Air Force Master Intelligence Badge (erroneously worn inverted in many episodes)
| Air Force Cross | Air Force Distinguished Service Medal | Defense Superior Service Medal |
| Legion of Merit | Distinguished Flying Cross | Bronze Star with Valor device |
| Defense Meritorious Service Medal | Meritorious Service Medal | Outstanding Unit Award |
| Air Force Recognition Ribbon | National Defense Service Medal with two service stars indicating 3 awards | Armed Forces Expeditionary Medal |
| Southwest Asia Service Medal with two campaign stars | Humanitarian Service Medal | Kuwait Liberation Medal (Saudi Arabia) |
| Kuwait Liberation Medal (Kuwait) | Global War on Terrorism Expeditionary Medal | Global War on Terrorism Service Medal |

Close-ups of Ms. Friedericy's costume are available at , and in the infobox above. Several of the ribbons are out of sequence, but are shown here in the order worn by the character. For example, the Kuwait Liberation Medals from Saudi Arabia and Kuwait, being foreign awards, should follow all United States awards, not precede the GWOTEM and GWOTSM.

The two stars on her Southwest Asia Service Medal show that she served in two of the five distinct campaigns of the Gulf War.
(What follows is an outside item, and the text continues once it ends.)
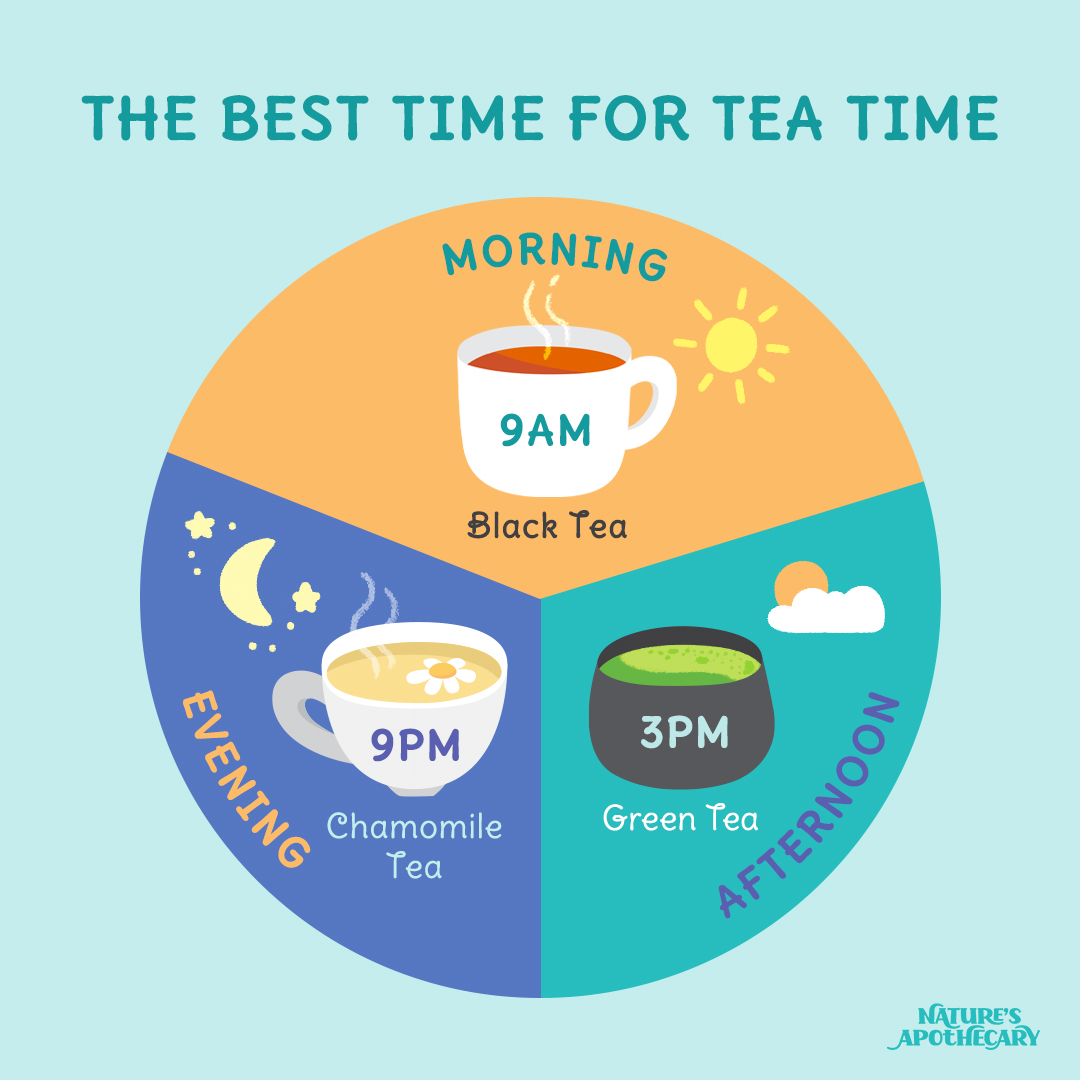 Nature's Apothecary - ⌛ When is the best time for tea time? We all know ...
General Beckman's three awards of the National Defense Service Medal evidence that she first entered the military prior to August 14, 1974, as the three most recent periods of service for which the medal was issued are for the Vietnam War (January 1, 1961 - August 14, 1974), the Gulf War (August 2, 1990 - November 30, 1995) and the War on Terrorism (September 11, 2001 - ).

==Director of National Intelligence==

Wendy Makkena as the National Intelligence Director.

In "Chuck Versus the Intersect" actress Wendy Makkena appeared in a role credited as the National Intelligence Director. In some casting lists the character is identified as "General Mary Beckman". In the episode, the Intelligence Director briefed Casey alongside Director Graham on the Intersect theft, before dispatching him to Burbank to track down Bryce Larkin's contact.

Makkena was to continue appearing in this role, however was forced to drop out for unspecified reasons after the pilot was filmed. Bonita Friedericy also auditioned for the role, and took over when Makkena left. Although the Intelligence Director's name was never used in the pilot, and Schwartz and Fedak have not officially confirmed it, Friedericy has suggested the two characters are the same. General Beckman's ID card reads "Gen. M. Beckman" (as shown on Chuck's Chart, first seen in the second-season episode "Chuck Versus the Lethal Weapon"), which matches the unofficial name of Makkena's character in the pilot. This is further compounded by the original pilot script, in which a "General Mary Beckman" is seen speaking with Director Graham. The video conference screen shown immediately before and after conferences with Beckman displays a large seal (essentially the U.S. Coat of Arms with the crest replaced by a globe ringed with satellites) around which are the words "Office of the Director of National Intelligence - United States of America", also suggesting the characters are the same.